Talk: Countabilism and Maximality

This was a talk at Speaking the Unspeakable: Paradoxes between Truth and Proof at the University of Campinas, Brazil. You can find the slides here.


It is standard in set theory to assume that Cantor’s Theorem establishes that there are uncountable sets. In this paper, we present versions of set theory with classes that imply that every set is countable, and the continuum is a proper class. Within these theories we show how standard set theories (including ZFC with large cardinals added) can be incorporated. We discuss some properties of the theories, in particular that they provide a radically new perspective on the notion of maximality. We conclude that the systems considered raise questions concerning the foundational purpose of set theory.

Paper: Inner-Model Reflection Principles

Last year I had pleasure of working on a project with some fantastic mathematicians (Andrés Eduardo Caicedo, Gunter Fuchs, Joel Hamkins, Jonas Reitz, and Ralf Schindler) concerning certain kinds of principles which state that formulas in set theory hold in substructures of the universe. (For the cognoscenti: Analogues of Lévy-Montague Reflection, but for inner models.) I think it’s quite interesting, since the notion of how absoluteness between V and its substructures plays out (both with respect to height and width) is something that needs more work, and this represented a good step on here.
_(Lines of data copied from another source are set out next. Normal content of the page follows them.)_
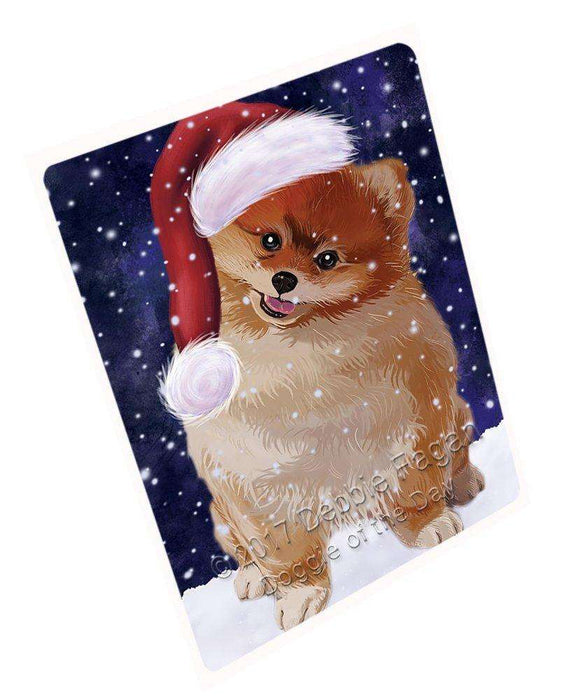 Let it Snow Christmas Holiday Pomeranian Dog Wearing Santa Hat Large Refrigerator / Dishwasher Magnet D051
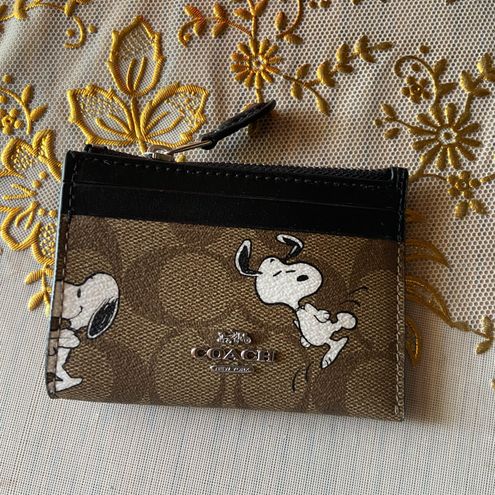 Coach X Peanuts Mini Skinny Id Case In Signature Canvas With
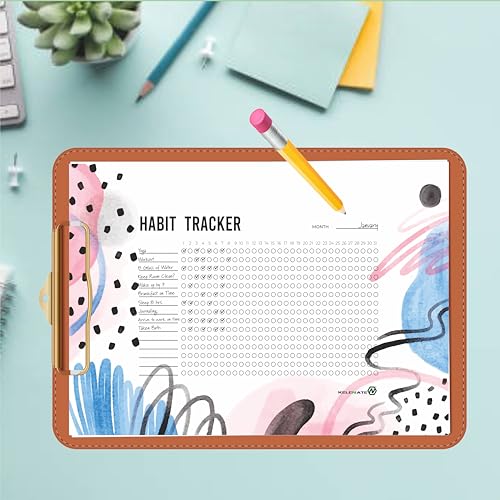Habit Tracker Calendar - Inspirational Habit Journal - 12 Sheets Daily Habit Tracker Journal and Goal Board - Motivational Goal Journal - Great Tool For Productivity And Workout (Design-21) image 5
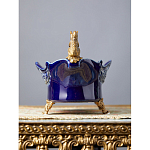 Чаша темно-синего цвета из фарфора с бронзовыми фигурками белок Eden Garden porcelain and bronze варинант исполнения - 3 | Loft Concept в Кирове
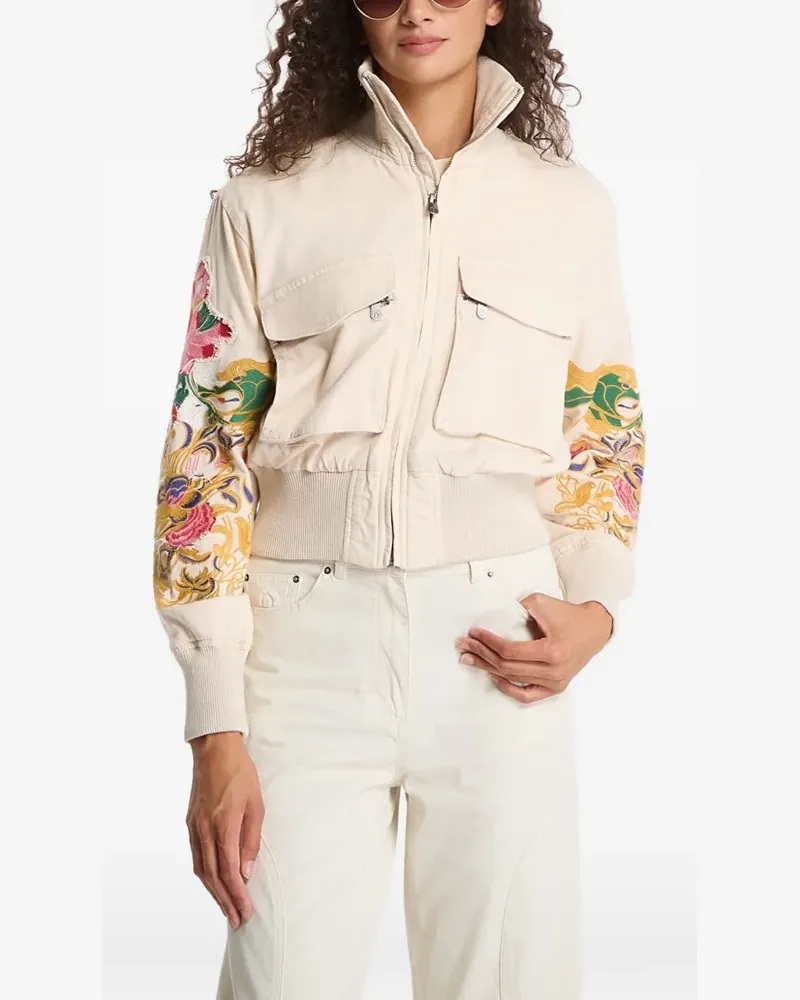 Desigual floral-embroidered zip-up jacket - Nude Nude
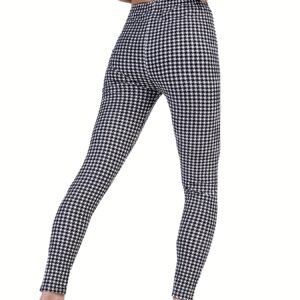 Sexy Plaid Print Leggings, Casual High Waist Elastic Fashion Bottoms Slim Leggings, Women's Clothing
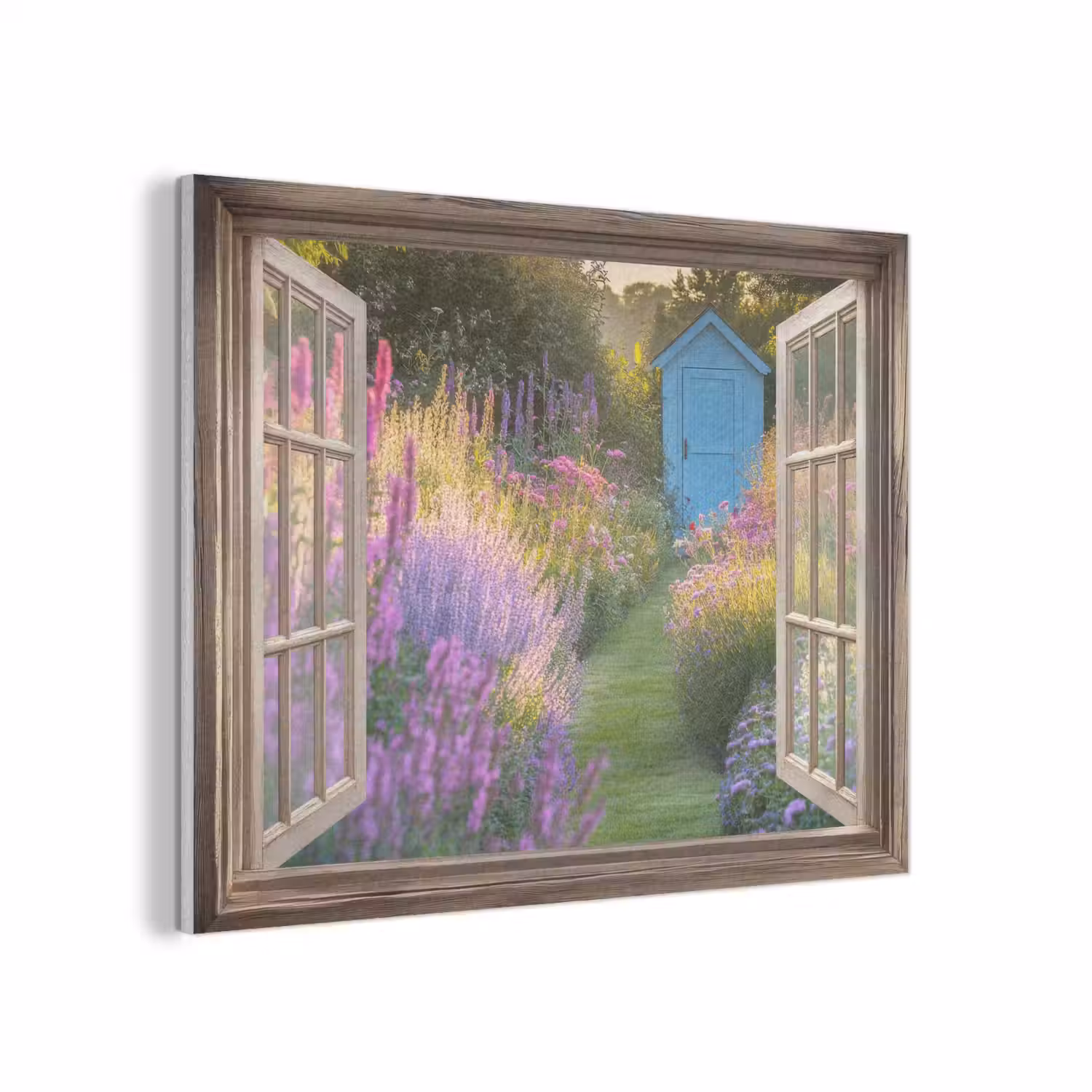 Doorkijk - Bloemen - Raam - Natuur PET vilt klein -3d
The paper is now out, and can be found here.


We introduce and consider the inner-model reflection principle, which asserts that whenever a statement \phi(a) in the first-order language of set theory is true in the set-theoretic universe V, then it is also true in a proper inner model W \subsetneq V. A stronger principle, the ground-model reflection principle, asserts that any such \phi(a) true in V is also true in some non-trivial ground model of the universe with respect to set forcing. These principles each express a form of width reflection in contrast to the usual height reflection of the Lévy–Montague reflection theorem. They are each equiconsistent with ZFC and indeed \Pi_2-conservative over ZFC, being forceable by class forcing while preserving any desired rank-initial segment of the universe. Furthermore, the inner-model reflection principle is a consequence of the existence of sufficient large cardinals, and lightface formulations of the reflection principles follow from the maximality principle MP and from the inner-model hypothesis IMH. We also consider some questions concerning the expressibility of the principles.